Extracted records
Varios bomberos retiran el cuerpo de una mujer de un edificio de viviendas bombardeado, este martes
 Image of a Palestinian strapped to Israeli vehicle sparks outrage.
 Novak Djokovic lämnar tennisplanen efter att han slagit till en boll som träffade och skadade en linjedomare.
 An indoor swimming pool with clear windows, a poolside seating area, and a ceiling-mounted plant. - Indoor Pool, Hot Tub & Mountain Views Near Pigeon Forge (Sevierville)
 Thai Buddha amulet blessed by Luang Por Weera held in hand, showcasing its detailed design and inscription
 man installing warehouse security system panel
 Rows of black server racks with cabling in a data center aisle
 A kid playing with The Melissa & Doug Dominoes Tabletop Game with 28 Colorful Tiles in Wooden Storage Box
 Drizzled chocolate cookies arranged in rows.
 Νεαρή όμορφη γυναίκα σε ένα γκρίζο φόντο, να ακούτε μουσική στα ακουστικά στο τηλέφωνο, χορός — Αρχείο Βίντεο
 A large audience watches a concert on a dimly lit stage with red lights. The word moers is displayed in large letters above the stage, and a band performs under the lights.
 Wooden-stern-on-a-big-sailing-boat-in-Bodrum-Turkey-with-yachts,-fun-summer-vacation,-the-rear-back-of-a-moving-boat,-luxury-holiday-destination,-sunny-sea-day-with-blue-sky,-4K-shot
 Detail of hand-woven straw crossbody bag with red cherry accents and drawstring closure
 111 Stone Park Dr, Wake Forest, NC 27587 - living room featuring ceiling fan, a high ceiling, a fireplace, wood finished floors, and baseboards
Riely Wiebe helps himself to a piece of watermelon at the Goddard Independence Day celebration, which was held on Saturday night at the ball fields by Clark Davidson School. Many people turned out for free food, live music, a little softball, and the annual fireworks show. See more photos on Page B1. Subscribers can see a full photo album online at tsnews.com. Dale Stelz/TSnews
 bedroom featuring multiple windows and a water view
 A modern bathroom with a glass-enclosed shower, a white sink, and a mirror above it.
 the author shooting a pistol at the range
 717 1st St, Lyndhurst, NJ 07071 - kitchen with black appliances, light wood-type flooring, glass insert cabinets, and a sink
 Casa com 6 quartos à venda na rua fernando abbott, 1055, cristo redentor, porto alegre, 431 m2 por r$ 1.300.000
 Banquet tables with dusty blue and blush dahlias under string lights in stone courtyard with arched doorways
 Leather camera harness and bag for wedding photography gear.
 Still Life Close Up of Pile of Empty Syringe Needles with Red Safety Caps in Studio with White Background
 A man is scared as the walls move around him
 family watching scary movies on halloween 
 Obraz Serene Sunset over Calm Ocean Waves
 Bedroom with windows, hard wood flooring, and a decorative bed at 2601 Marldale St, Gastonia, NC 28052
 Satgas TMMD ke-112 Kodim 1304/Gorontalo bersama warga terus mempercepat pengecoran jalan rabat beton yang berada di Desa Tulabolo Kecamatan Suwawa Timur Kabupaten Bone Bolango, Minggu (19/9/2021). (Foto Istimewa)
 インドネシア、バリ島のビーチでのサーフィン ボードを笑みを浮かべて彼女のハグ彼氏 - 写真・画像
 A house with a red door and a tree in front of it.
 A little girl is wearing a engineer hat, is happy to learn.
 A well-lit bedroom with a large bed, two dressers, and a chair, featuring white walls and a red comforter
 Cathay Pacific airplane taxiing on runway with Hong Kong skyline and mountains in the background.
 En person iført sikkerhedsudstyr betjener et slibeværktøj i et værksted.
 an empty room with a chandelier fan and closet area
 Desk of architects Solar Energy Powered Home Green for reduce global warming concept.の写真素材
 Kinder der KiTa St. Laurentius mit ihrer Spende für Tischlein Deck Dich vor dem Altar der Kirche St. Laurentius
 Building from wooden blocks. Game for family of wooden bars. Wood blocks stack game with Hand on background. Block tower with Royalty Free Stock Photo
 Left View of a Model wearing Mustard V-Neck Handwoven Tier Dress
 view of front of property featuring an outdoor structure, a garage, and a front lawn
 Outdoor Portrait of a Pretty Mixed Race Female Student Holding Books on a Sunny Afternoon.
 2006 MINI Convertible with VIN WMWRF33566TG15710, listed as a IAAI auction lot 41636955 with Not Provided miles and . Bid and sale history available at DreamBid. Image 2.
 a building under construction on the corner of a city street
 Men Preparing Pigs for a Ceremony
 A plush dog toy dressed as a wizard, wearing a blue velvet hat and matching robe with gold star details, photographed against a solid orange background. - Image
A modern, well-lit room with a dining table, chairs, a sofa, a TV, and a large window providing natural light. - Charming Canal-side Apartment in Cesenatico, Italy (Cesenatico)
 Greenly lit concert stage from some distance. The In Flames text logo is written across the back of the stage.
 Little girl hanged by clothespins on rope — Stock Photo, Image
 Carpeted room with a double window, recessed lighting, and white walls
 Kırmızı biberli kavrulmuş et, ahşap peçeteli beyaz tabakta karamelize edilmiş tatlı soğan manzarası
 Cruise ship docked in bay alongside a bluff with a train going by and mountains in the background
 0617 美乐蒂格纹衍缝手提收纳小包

> Action item:
Reproduce, word for word and in full, only the lines above that start at the line with "A plush dog" and run through the line with "A modern, well-lit", both ends included.

> Response:
 A plush dog toy dressed as a wizard, wearing a blue velvet hat and matching robe with gold star details, photographed against a solid orange background. - Image
A modern, well-lit room with a dining table, chairs, a sofa, a TV, and a large window providing natural light. - Charming Canal-side Apartment in Cesenatico, Italy (Cesenatico)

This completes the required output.